Obama in campaign mode on swing-state jobs tour
The US Senate may vote this week on the first part of the package, to create or save 400,000 jobs for teachers.
South Boston va: US President Barack Obama headed deeper into the 2012 race on Tuesday as he toured electoral battlegrounds of the South, underscoring how long and tough his re-election campaign is likely to be.
The second day of Obama's slow-rolling journey on a campaign-style bus, billed by the White House as part of his nationwide push to get own his jobs proposals past Congress, remained focused on courting voters in politically pivotal North Carolina and Virginia.
"The most important thing I wanted to do was to hear from people like you, because it doesn't seem like your voices are being heard in Washington right now. Times are tough for a lot of Americans," he told a crowd of 2,000 in Jamestown, North Carolina.
Obama is using the road trip not only to test out a sharper, more populist message as he seeks a second term but also to gauge whether the two traditionally conservative states he won in the 2008 election can stay in his column in 2012.
All indications are it could be a daunting task for Obama, whose poll numbers have fallen to the lows of his presidency amid public discontent over the stalled US economy and high unemployment.
The bus tour is taking place more than a year before the election, a time when incumbent presidents generally are spending their campaign time raising money.
"The stronger that an incumbent is the more time they have to stay off the trail. Obama is under immense pressure to solidify his support," said Julian Zelizer, a professor at Princeton University.

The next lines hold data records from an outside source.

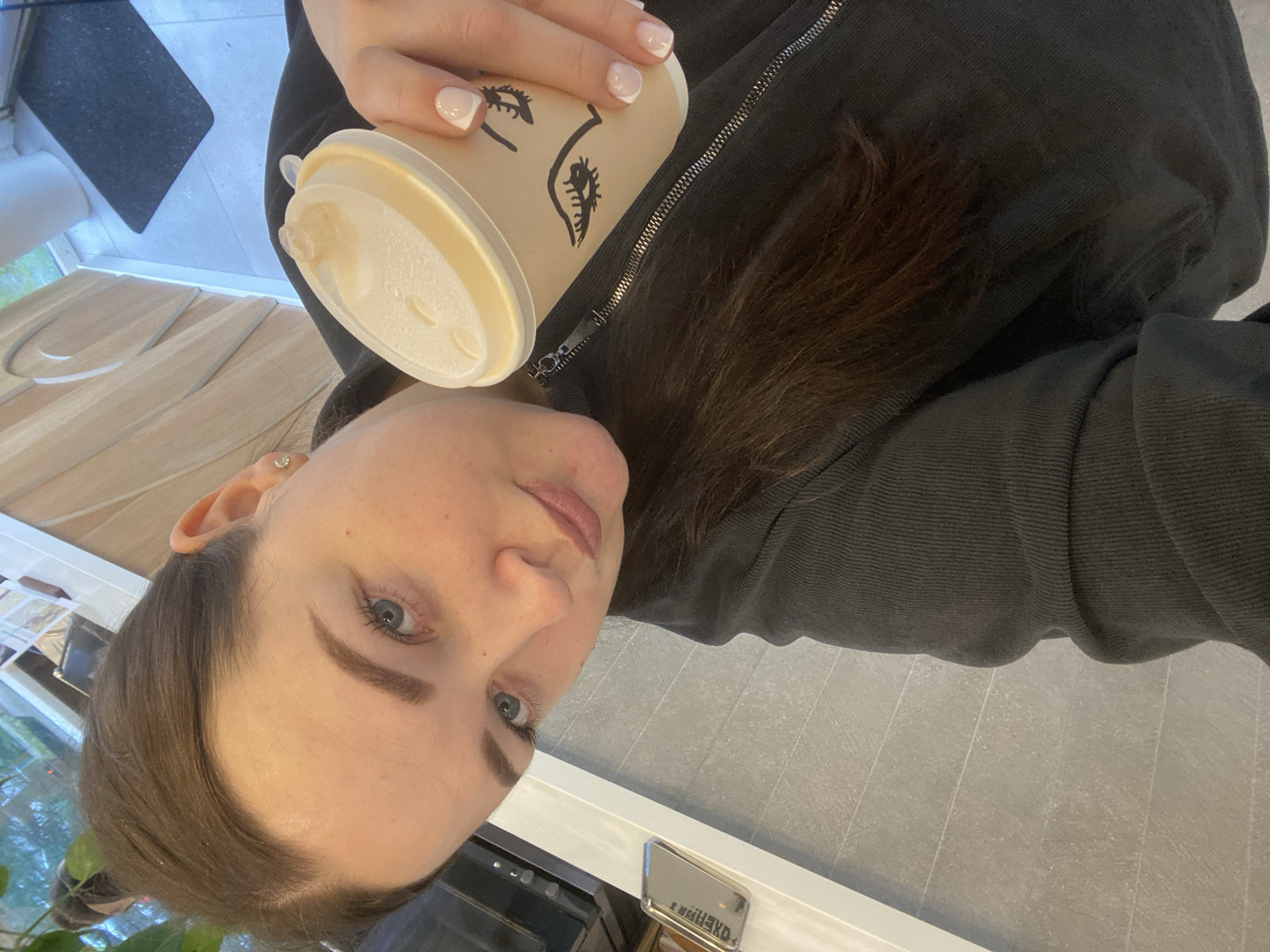 Morning cafe visit documented in Sochi with pastries and plants
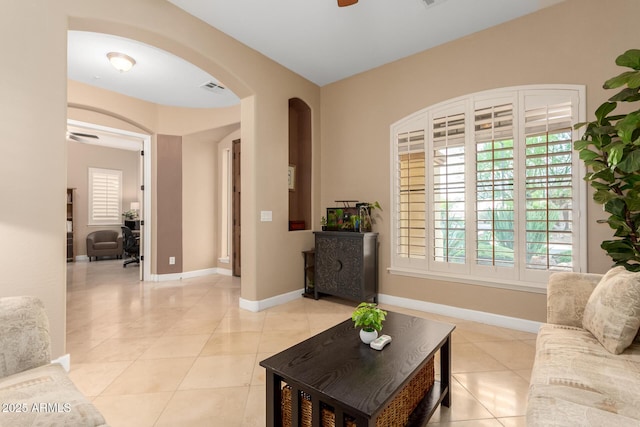 13336 W Via Caballo Blanco, Peoria, AZ 85383 - living room with baseboards, arched walkways, visible vents, and light tile patterned floors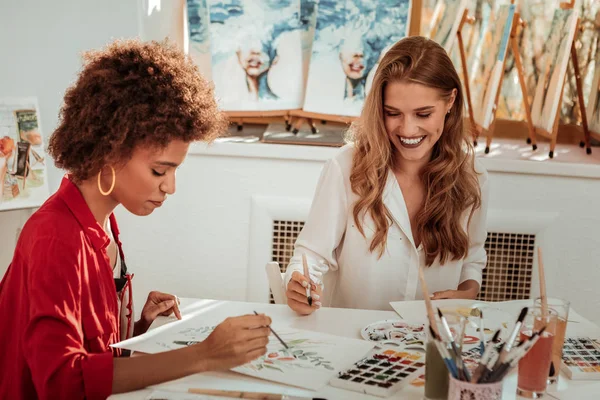 Beaming blonde-haired artist smiling broadly painting with friend — Stock Photo, Image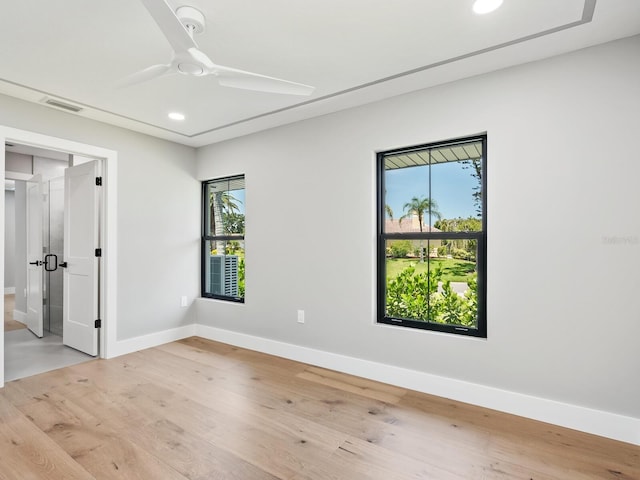 180 Lookout Point Dr, Osprey, FL 34229 - unfurnished bedroom with recessed lighting, wood finished floors, and ceiling fan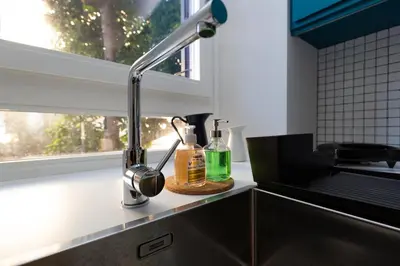 a kitchen sink with a faucet next to a window at Donatello Loft in Rome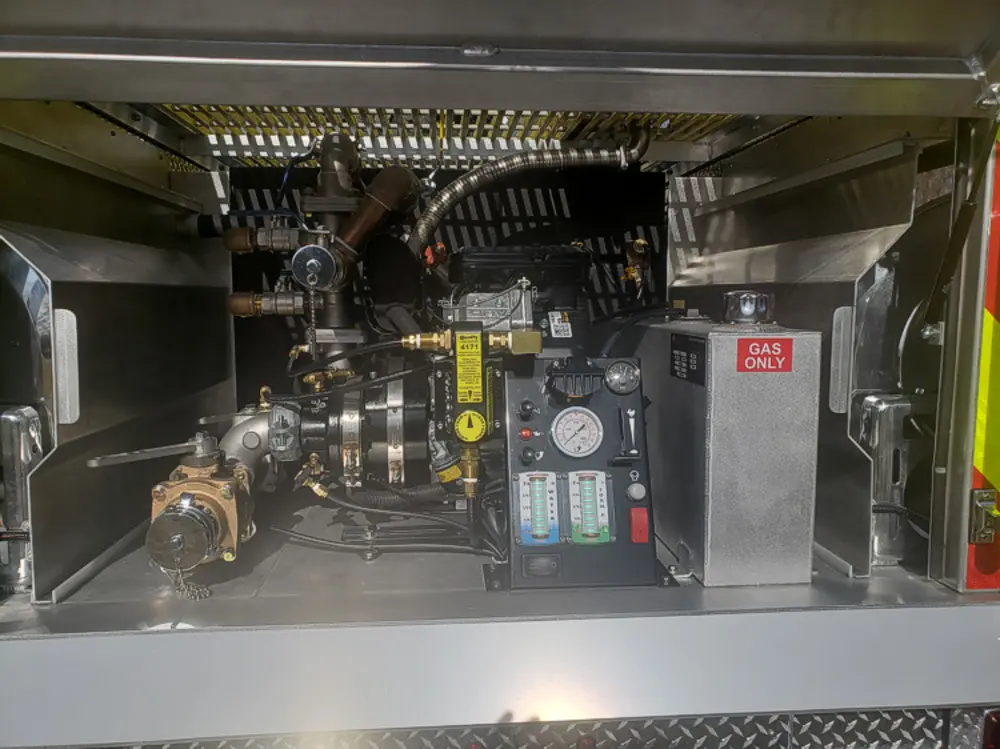 Exterior view of small fire truck showing cab, body compartments, and wheel/tire area.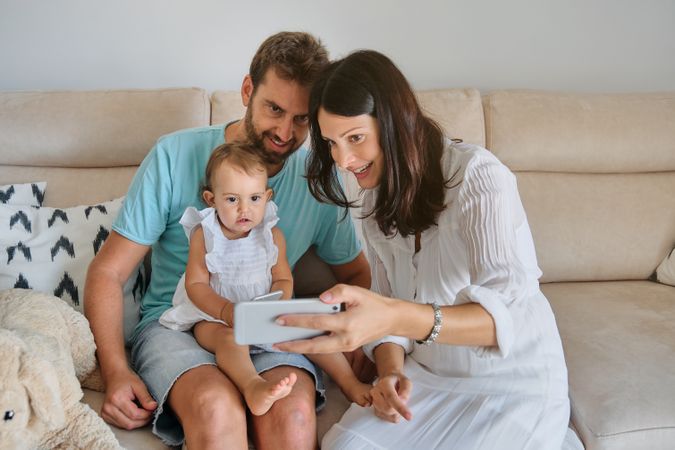 Parents with daughter watching smartphone at home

Obama, whose re-election may hinge on his ability to spur hiring, is pressing Republicans back in Washington to pass his $447 billion jobs package in "bite-size pieces" after they shot it down as a whole in Congress last week.
The Senate may vote as early as this week on the first part of the package, a $35 billion measure to create or save 400,000 jobs for teachers, police officers and firefighters, funded by 0.5 per cent surtax on millionaires.
Obama's strategy is to force Republicans to accept his proposals or be painted as obstructionists in the way of economic recovery as campaigning for the November 2012 presidential and congressional elections heats up.
Republicans, who see Obama's plan as laden with wasteful spending and job-killing tax hikes on wealthier Americans, say the Democratic president is playing electoral gamesmanship.
"As the only person elected to represent every American, the president should speak for all Americans, especially in times of crisis, not divide them for short-term partisan political gain," said top Senate Republican Mitch McConnell.
The impasse has extended the deadlock that brought the United States to the brink of default in August until Democrats and Republicans agreed on the outlines of a deficit-cutting plan as part of a deal to raise the US debt ceiling.
As Obama's black armored bus rolled along, there was little denying the shift into full campaign mode in what political experts see as must-win states for him next year.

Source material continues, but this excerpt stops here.